ES|QL aggregation functions

The STATS command supports these aggregate functions:

AVG
COUNT
COUNT_DISTINCT
MAX
MEDIAN
MEDIAN_ABSOLUTE_DEVIATION
MIN
PERCENTILE
[preview] ST_CENTROID_AGG
[preview] ST_EXTENT_AGG
STD_DEV
SUM
TOP
[preview] VALUES
WEIGHTED_AVG

`AVG`

Syntax

Parameters

number: Expression that outputs values to average.

Description

The average of a numeric field.

Supported types

number	result
double	double
integer	double
long	double

Examples

		FROM employees
| STATS AVG(height)

AVG(height):double
1.7682

The expression can use inline functions. For example, to calculate the average over a multivalued column, first use MV_AVG to average the multiple values per row, and use the result with the AVG function

		FROM employees
| STATS avg_salary_change = ROUND(AVG(MV_AVG(salary_change)), 10)

avg_salary_change:double
1.3904535865

`COUNT`

Syntax

Parameters

field: Expression that outputs values to be counted. If omitted, equivalent to COUNT(*) (the number of rows).

Description

Returns the total number (count) of input values.

Supported types

field	result
boolean	long
cartesian_point	long
date	long
double	long
geo_point	long
integer	long
ip	long
keyword	long
long	long
text	long
unsigned_long	long
version	long

Examples

		FROM employees
| STATS COUNT(height)

COUNT(height):long
100

To count the number of rows, use COUNT() or COUNT(*)

		FROM employees
| STATS count = COUNT(*) BY languages
| SORT languages DESC

	

count:long	languages:integer
10	null
21	5
18	4
17	3
19	2
15	1

The expression can use inline functions.

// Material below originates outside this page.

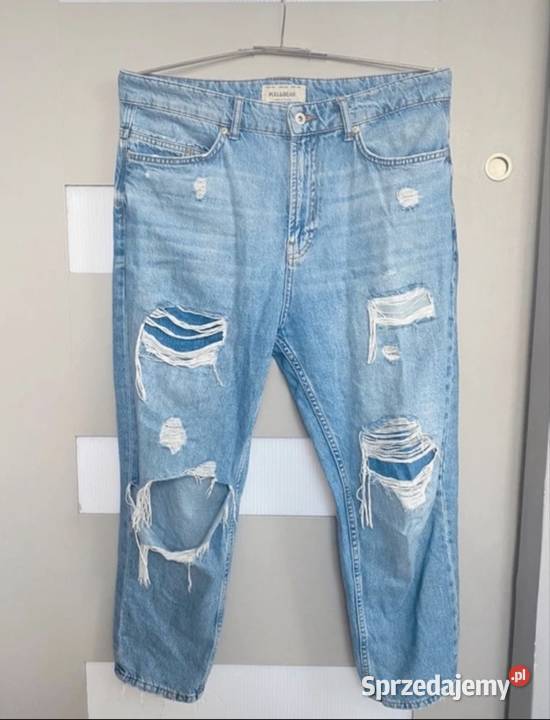 Spodnie PullBear męskie Kielce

This example splits a string into multiple values using the SPLIT function and counts the values

		ROW words="foo;bar;baz;qux;quux;foo"
| STATS word_count = COUNT(SPLIT(words, ";"))

word_count:long
6

To count the number of times an expression returns TRUE use a WHERE command to remove rows that shouldn’t be included

		ROW n=1
| WHERE n < 0
| STATS COUNT(n)

	

COUNT(n):long
0

To count the same stream of data based on two different expressions use the pattern COUNT(<expression> OR NULL). This builds on the three-valued logic (3VL) of the language: TRUE OR NULL is TRUE, but FALSE OR NULL is NULL, plus the way COUNT handles NULLs: COUNT(TRUE) and COUNT(FALSE) are both 1, but COUNT(NULL) is 0.

		ROW n=1
| STATS COUNT(n > 0 OR NULL), COUNT(n < 0 OR NULL)

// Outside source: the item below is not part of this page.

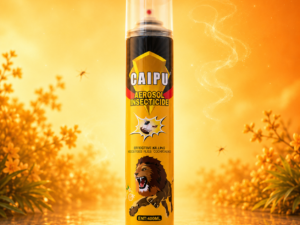 CAIPU Aerosol Insecticide (Effective Killing) - 400ml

COUNT(n > 0 OR NULL):long	COUNT(n < 0 OR NULL):long
1	0

`COUNT_DISTINCT`

Syntax

Parameters

field: Column or literal for which to count the number of distinct values.
precision: Precision threshold. Refer to AGG-COUNT-DISTINCT-APPROXIMATE. The maximum supported value is 40000. Thresholds above this number will have the same effect as a threshold of 40000. The default value is 3000.

Description

Returns the approximate number of distinct values.

Supported types

field	precision	result
boolean	integer	long
boolean	long	long
boolean	unsigned_long	long
boolean		long
date	integer	long
date	long	long
date	unsigned_long	long
date		long
date_nanos	integer	long
date_nanos	long	long
date_nanos	unsigned_long	long
date_nanos		long
double	integer	long
double	long	long
double	unsigned_long	long
double		long
integer	integer	long
integer	long	long
integer	unsigned_long	long
integer		long
ip	integer	long
ip	long	long
ip	unsigned_long	long
ip		long
keyword	integer	long
keyword	long	long
keyword	unsigned_long	long
keyword		long
long	integer	long
long	long	long
long	unsigned_long	long
long		long
text	integer	long
text	long	long
text	unsigned_long	long
text		long
version	integer	long
version	long	long
version	unsigned_long	long
version		long

Examples

		FROM hosts
| STATS COUNT_DISTINCT(ip0), COUNT_DISTINCT(ip1)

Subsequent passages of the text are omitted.